A stronger economy has also helped push consumer spending on winter activities higher, which points to another good year for the company . But it may not mean the stock is a buy right now. Here's why.
All signs point to a big year
The fiscal first quarter for Vail Resorts points to a positive year for the company. Revenue per available room was up 8.5% in the first quarter to $87.38. Average daily rates were up 1.5% to $210.49. Season pass sales were also up 14% in units and 20% in dollars in the early season versus a year ago.
Guidance for the full year is for net income of $264 million to $300 million, up significantly from $210.6 million in fiscal 2017. Pricing power from owning most of the high-end ski resorts in the U.S. could help push earnings higher in the future as well, if demand stays strong.
Building the ski resort of the future
Vail isn't done investing in growth, either.
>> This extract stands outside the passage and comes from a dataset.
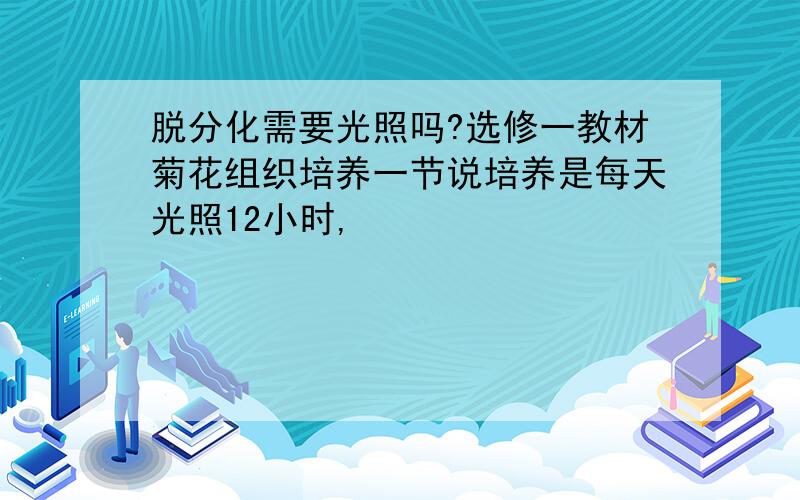 脱分化需要光照吗?选修一教材菊花组织培养一节说培养是每天光照12小时,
As part of an improvement plan across the network of resorts, Vail Resorts plans to invest $150 million in capital improvements in fiscal 2018, which includes a new gondola in the heart of Whistler. Long-term, capital expenditures will be about $131 million per year, so this is a significant increase to boost customer interest in the near term.
Integrations of Whistler Blackcomb resorts are also nearly complete, highlighted by a larger network of resorts customers can visit with their season pass. For $859, customers can access 45 ski and snowboard destinations around the world. If you're a winter enthusiast, it's hard to beat that price. And Vail Resorts gets the guaranteed revenue that comes with season passes before the winter season really starts, reducing weather-related risk.
Is there value in Vail Resorts stock?
I like everything about Vail Resorts' operations. The problem with the stock is its value. Even at the high end of the earnings range, Vail Resorts is an expensive stock. The company's market cap right now is $8.5 billion, meaning shares trade at 28 times earnings. That's a steep price for a company that has limited growth options unless it continues raising prices, which may be difficult with a single-day ski pass already going for $164.
I like Vail Resorts' business long-term, but the price is too much for me to jump in right now. That said, I'm not bearish enough to give the stock a red thumb on my CAPS page, either. I'll just stay on the sidelines with this stock, for now.